**Problem description:**
In the records below, find the line that contains "Tasse En Porcelaine" and the line that contains "Toyota Aygo 1.0". Set down exactly those lines and every line between them, and nothing more.

= Beginning of Section =

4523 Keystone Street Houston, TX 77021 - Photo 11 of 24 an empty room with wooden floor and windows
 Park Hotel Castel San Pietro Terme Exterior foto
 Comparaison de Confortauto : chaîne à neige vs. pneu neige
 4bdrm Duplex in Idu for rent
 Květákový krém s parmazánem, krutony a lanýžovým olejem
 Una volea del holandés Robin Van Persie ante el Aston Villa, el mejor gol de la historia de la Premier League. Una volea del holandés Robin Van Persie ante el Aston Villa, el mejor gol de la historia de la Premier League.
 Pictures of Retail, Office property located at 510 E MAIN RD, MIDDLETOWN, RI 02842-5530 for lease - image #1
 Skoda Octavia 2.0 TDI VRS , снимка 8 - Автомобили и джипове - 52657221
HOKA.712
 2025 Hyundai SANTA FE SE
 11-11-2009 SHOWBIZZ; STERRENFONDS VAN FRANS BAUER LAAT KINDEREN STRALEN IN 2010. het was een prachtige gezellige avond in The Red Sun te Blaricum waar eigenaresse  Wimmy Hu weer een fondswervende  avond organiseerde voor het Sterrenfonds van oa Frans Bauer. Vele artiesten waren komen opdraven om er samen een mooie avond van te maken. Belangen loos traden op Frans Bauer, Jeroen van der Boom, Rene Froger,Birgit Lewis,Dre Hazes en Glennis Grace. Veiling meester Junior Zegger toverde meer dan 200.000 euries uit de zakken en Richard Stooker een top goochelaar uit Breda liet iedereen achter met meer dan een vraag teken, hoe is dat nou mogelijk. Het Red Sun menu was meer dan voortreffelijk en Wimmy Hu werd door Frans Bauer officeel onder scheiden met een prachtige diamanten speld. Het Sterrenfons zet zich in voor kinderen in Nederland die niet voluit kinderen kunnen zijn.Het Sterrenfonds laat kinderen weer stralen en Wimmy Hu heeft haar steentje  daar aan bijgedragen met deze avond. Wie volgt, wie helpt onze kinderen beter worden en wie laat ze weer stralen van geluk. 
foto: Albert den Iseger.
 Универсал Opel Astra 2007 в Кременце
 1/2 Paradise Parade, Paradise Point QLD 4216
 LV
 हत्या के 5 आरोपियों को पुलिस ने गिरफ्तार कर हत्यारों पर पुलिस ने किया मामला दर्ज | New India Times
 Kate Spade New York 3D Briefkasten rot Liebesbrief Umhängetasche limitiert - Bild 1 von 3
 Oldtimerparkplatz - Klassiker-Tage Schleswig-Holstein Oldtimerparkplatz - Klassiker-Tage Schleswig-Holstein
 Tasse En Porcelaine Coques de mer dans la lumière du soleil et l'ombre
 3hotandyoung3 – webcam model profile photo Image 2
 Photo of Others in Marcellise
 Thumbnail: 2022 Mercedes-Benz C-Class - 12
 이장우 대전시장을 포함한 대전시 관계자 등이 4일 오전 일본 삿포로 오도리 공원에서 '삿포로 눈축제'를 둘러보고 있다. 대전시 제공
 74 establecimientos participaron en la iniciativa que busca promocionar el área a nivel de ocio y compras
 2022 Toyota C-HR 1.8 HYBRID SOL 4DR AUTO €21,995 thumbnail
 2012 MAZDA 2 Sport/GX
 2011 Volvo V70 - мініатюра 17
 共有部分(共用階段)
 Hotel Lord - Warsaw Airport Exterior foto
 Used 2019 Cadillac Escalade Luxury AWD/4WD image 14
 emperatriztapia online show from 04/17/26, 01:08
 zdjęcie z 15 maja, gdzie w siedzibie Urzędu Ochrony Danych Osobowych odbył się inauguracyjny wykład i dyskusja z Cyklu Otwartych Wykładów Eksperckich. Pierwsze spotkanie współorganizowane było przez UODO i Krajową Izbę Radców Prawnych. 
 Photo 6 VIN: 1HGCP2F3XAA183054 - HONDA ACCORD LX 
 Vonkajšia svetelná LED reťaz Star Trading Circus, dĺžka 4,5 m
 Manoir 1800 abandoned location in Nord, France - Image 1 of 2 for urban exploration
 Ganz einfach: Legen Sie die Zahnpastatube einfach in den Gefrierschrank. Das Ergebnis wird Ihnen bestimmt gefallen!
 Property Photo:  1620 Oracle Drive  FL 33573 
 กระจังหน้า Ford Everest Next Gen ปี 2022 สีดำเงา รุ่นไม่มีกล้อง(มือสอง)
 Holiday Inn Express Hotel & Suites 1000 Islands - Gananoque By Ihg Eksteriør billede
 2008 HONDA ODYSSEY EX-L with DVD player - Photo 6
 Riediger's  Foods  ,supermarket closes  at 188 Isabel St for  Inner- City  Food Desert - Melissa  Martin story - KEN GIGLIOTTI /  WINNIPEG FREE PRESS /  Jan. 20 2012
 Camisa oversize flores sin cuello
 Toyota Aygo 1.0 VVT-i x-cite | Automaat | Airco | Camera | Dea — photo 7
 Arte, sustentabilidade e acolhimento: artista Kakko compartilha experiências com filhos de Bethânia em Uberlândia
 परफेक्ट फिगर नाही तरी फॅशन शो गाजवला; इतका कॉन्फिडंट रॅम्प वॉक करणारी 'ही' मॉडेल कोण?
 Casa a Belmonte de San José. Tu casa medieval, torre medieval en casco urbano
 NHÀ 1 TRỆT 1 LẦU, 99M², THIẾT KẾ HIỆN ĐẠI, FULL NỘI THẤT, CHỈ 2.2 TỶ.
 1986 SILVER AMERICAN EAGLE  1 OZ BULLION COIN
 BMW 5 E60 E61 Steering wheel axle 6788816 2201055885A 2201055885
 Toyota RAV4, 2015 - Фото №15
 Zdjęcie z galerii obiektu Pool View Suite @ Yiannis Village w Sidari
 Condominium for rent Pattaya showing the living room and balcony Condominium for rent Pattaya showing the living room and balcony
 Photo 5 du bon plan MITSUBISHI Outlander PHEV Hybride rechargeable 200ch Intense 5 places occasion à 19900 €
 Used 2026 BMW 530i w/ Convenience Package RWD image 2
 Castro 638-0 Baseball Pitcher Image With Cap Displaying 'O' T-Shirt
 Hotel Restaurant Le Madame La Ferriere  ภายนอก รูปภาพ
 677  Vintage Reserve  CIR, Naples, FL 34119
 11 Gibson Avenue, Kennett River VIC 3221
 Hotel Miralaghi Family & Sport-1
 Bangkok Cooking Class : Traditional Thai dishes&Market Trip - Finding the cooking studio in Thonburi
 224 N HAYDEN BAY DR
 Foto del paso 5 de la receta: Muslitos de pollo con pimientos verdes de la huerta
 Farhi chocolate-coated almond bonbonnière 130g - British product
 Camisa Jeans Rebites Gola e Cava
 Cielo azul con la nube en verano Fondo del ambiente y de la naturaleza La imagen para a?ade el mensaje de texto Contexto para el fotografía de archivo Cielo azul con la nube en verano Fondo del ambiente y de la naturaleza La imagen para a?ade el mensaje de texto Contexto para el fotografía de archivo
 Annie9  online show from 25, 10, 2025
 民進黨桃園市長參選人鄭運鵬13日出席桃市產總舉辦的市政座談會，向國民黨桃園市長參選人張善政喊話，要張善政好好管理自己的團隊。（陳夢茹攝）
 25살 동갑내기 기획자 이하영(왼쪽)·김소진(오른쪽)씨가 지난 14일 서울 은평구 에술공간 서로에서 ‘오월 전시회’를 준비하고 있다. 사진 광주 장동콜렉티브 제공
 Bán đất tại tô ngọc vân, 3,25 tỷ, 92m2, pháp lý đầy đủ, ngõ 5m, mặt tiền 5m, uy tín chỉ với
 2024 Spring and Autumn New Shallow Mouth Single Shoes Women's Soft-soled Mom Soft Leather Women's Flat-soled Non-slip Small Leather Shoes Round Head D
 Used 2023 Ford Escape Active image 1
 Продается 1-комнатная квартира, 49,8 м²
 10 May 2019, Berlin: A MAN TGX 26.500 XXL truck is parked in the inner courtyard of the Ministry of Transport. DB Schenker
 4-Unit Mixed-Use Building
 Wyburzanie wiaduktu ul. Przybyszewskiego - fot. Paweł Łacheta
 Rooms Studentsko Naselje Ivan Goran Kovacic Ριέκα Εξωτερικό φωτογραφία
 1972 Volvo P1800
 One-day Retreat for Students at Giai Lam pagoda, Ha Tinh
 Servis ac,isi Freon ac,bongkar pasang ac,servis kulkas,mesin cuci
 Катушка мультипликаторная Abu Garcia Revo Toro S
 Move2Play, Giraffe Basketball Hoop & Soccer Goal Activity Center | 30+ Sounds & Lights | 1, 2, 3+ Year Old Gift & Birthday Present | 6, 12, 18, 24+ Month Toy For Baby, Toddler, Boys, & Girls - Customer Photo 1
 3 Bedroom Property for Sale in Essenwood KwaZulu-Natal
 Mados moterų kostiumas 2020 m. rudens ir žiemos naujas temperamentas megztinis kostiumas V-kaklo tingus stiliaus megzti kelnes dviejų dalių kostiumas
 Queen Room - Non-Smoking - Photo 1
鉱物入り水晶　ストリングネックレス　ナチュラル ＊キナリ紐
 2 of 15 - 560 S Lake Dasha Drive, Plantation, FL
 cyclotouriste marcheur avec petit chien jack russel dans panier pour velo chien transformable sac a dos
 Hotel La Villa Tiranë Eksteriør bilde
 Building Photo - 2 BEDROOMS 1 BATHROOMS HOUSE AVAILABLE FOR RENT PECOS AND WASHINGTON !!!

= End of Section =

**The completed task:**
 Tasse En Porcelaine Coques de mer dans la lumière du soleil et l'ombre
 3hotandyoung3 – webcam model profile photo Image 2
 Photo of Others in Marcellise
 Thumbnail: 2022 Mercedes-Benz C-Class - 12
 이장우 대전시장을 포함한 대전시 관계자 등이 4일 오전 일본 삿포로 오도리 공원에서 '삿포로 눈축제'를 둘러보고 있다. 대전시 제공
 74 establecimientos participaron en la iniciativa que busca promocionar el área a nivel de ocio y compras
 2022 Toyota C-HR 1.8 HYBRID SOL 4DR AUTO €21,995 thumbnail
 2012 MAZDA 2 Sport/GX
 2011 Volvo V70 - мініатюра 17
 共有部分(共用階段)
 Hotel Lord - Warsaw Airport Exterior foto
 Used 2019 Cadillac Escalade Luxury AWD/4WD image 14
 emperatriztapia online show from 04/17/26, 01:08
 zdjęcie z 15 maja, gdzie w siedzibie Urzędu Ochrony Danych Osobowych odbył się inauguracyjny wykład i dyskusja z Cyklu Otwartych Wykładów Eksperckich. Pierwsze spotkanie współorganizowane było przez UODO i Krajową Izbę Radców Prawnych. 
 Photo 6 VIN: 1HGCP2F3XAA183054 - HONDA ACCORD LX 
 Vonkajšia svetelná LED reťaz Star Trading Circus, dĺžka 4,5 m
 Manoir 1800 abandoned location in Nord, France - Image 1 of 2 for urban exploration
 Ganz einfach: Legen Sie die Zahnpastatube einfach in den Gefrierschrank. Das Ergebnis wird Ihnen bestimmt gefallen!
 Property Photo:  1620 Oracle Drive  FL 33573 
 กระจังหน้า Ford Everest Next Gen ปี 2022 สีดำเงา รุ่นไม่มีกล้อง(มือสอง)
 Holiday Inn Express Hotel & Suites 1000 Islands - Gananoque By Ihg Eksteriør billede
 2008 HONDA ODYSSEY EX-L with DVD player - Photo 6
 Riediger's  Foods  ,supermarket closes  at 188 Isabel St for  Inner- City  Food Desert - Melissa  Martin story - KEN GIGLIOTTI /  WINNIPEG FREE PRESS /  Jan. 20 2012
 Camisa oversize flores sin cuello
 Toyota Aygo 1.0 VVT-i x-cite | Automaat | Airco | Camera | Dea — photo 7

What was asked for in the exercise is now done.